Download or read book Faith Science and Reason written by Christopher T. Baglow and published by . This book was released on 2009 with total page 292 pages. Available in PDF, EPUB and Kindle. Book excerpt:
Download or read book The Oxford Handbook of Leibniz written by Maria Rosa Antognazza and published by Oxford Handbooks. This book was released on 2018 with total page 825 pages. Available in PDF, EPUB and Kindle. Book excerpt: This volume provides a uniquely comprehensive, systematic, and up-to-date appraisal of Leibniz's thought thematically organized around its diverse but interrelated aspects. By pulling together the best specialized work in the many domains to which Leibniz contributed, its ambition is to offer the most rounded picture of Leibniz's endeavors currently available.
Download or read book Aquinas on Faith Reason and Charity written by Roberto Di Ceglie and published by Routledge.

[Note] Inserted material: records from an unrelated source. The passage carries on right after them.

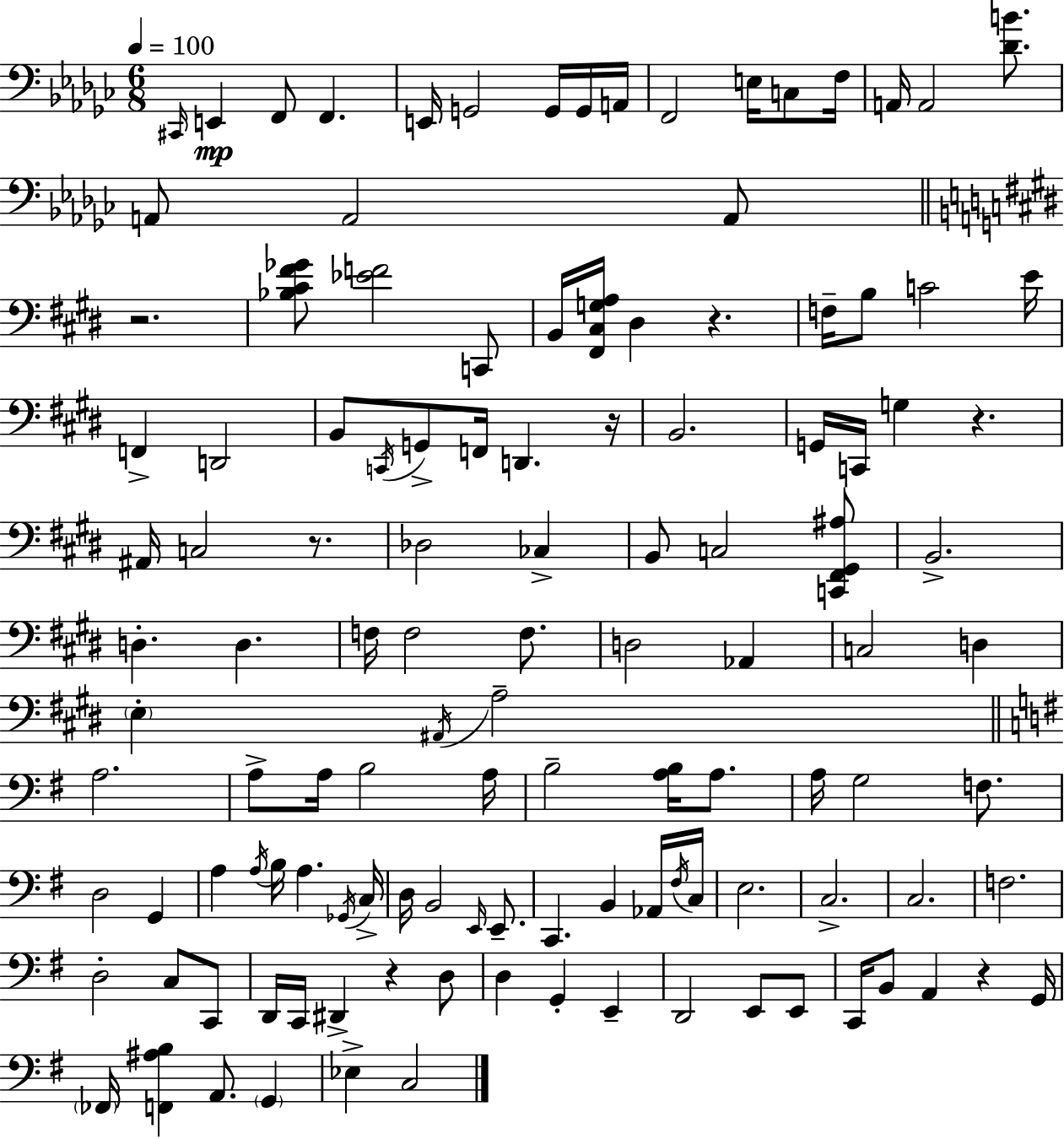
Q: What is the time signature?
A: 6/8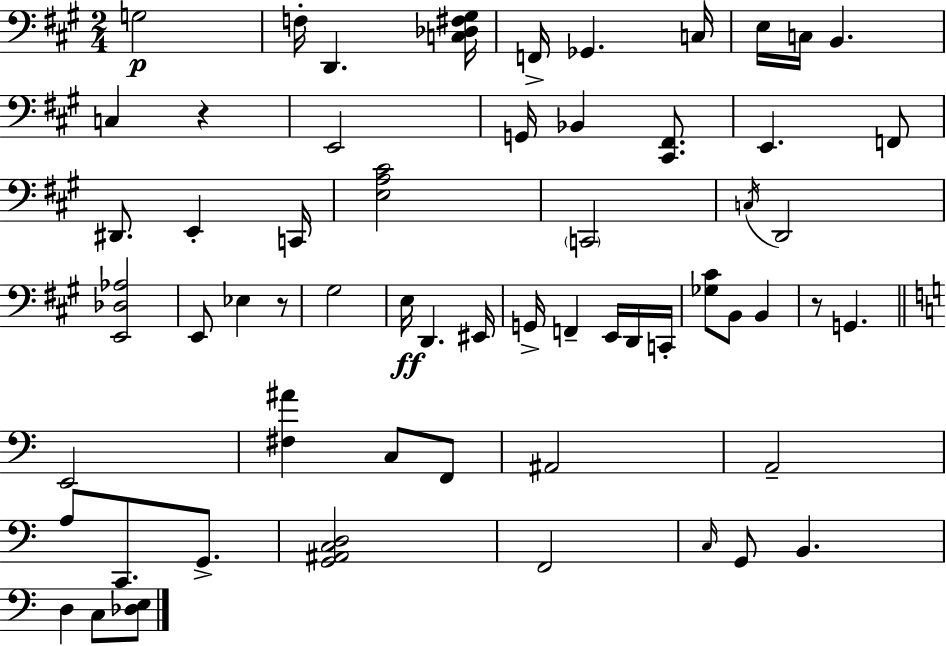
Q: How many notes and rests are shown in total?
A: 60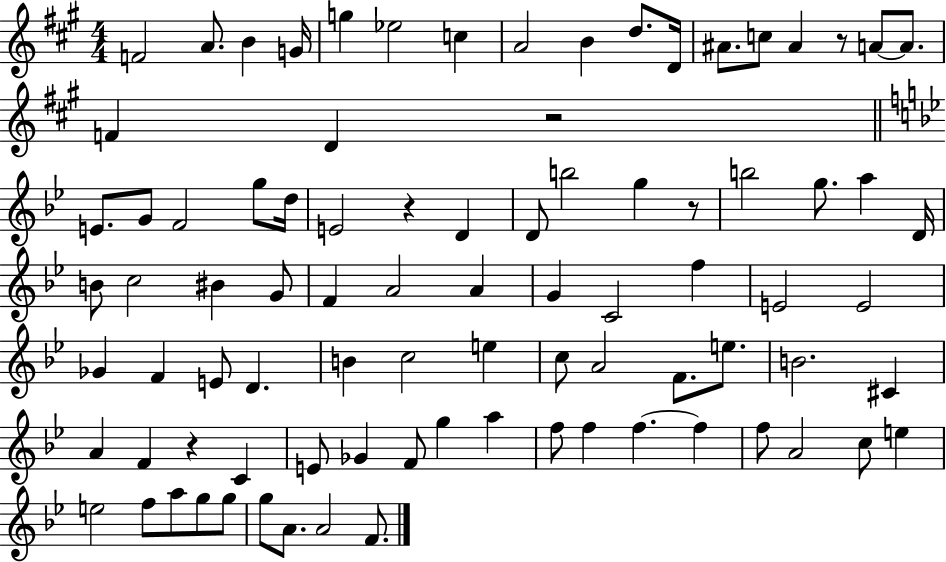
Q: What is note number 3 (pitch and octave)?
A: B4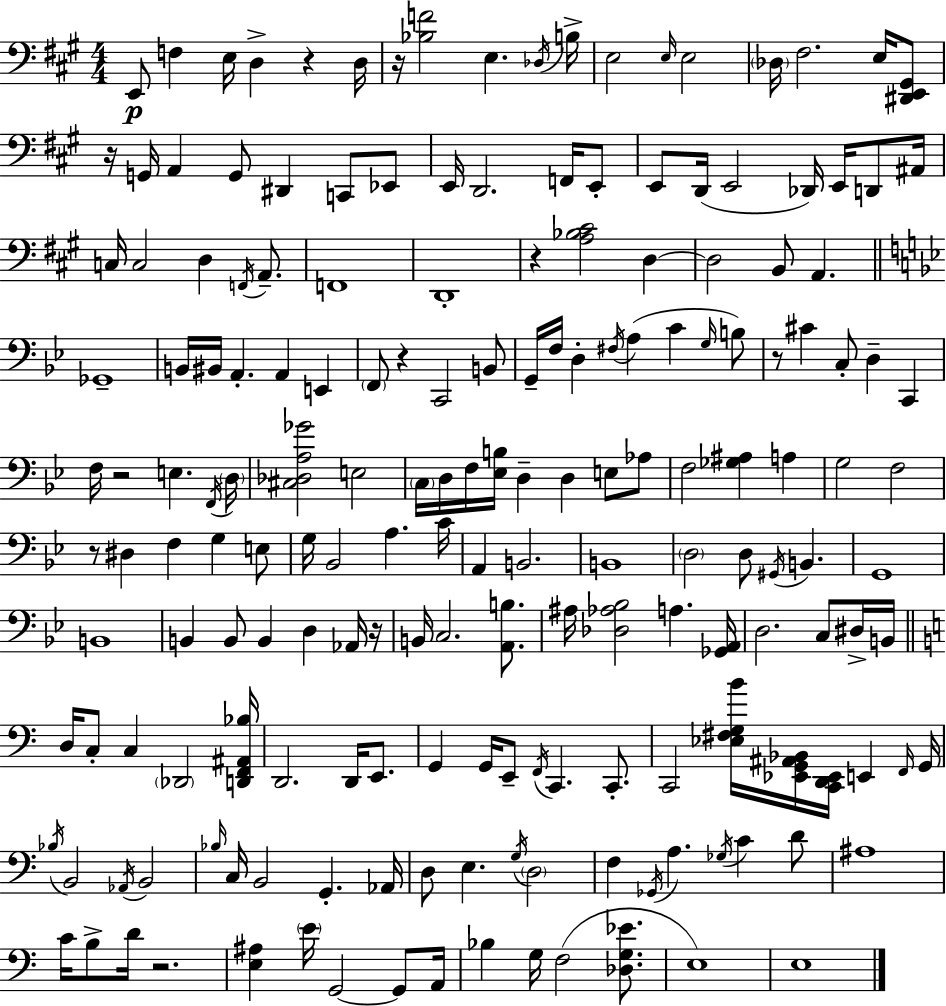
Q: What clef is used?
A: bass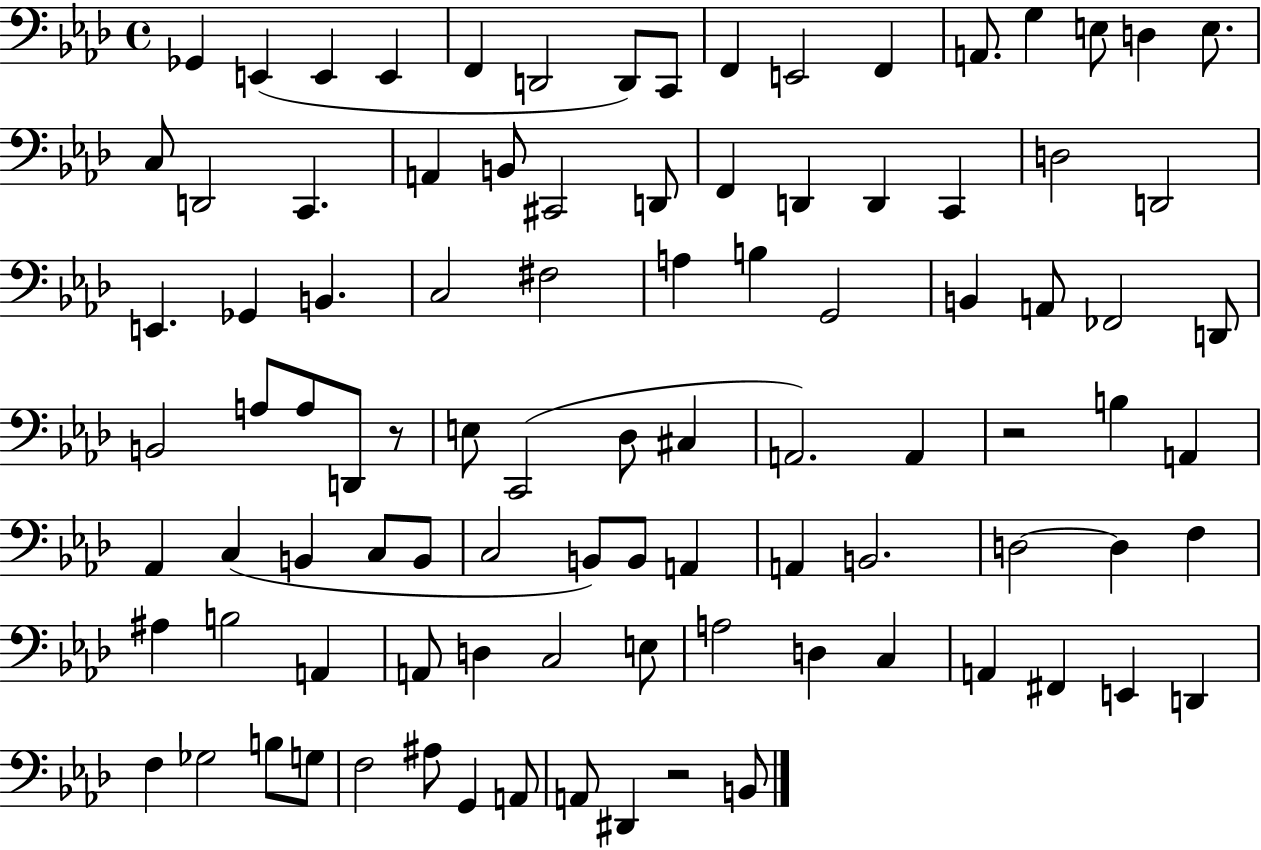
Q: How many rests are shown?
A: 3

This book was released on 2022-03-27 with total page 185 pages. Available in PDF, EPUB and Kindle. Book excerpt: This book offers a new reading of Aquinas’s views on faith. The author argues that the theological nature of faith is crucial to Aquinas’s thought, and that it gives rise to a particular and otherwise incomprehensible relationship with reason. The first part of the book examines various modern and contemporary accounts of the relationship between faith and reason in Aquinas’s thought. The author shows that these accounts are unconvincing because they exhibit what he calls a Lockean view of faith and reason, which maintains that the relationship between faith and reason should be treated only by way of evidence. In other words, the Lockean view ignores the specific nature of the Christian faith and the equally specific way it needs to relate to reason. The second part offers a comprehensive account of Aquinas’s view of faith. It focuses on the way the divine grace and charity shape the relationship between evidence and human will. The final part of the book ties these ideas together to show how Christian faith, with its specifically theological nature, is perfectly compatible with rational debate. It also argues that employing the specificity of faith may constitute the best way to promote autonomous and successful rational investigations. Aquinas on Faith, Reason, and Charity will be of interest to scholars and advanced students working on Aquinas, philosophy of religion, Christian theology, and medieval philosophy.
Download or read book Faith and Reason written by Steve Wilkens and published by InterVarsity Press. This book was released on 2014-06-10 with total page 190 pages. Available in PDF, EPUB and Kindle. Book excerpt: Steve Wilkens edits a debate between three different understandings of the relationship between faith and reason, between theology and philosophy. The three views include: Faith and Philosophy in Tension, Faith Seeking Understanding and the Thomistic Synthesis. This introduction to a timeless quandary is an essential resource for students.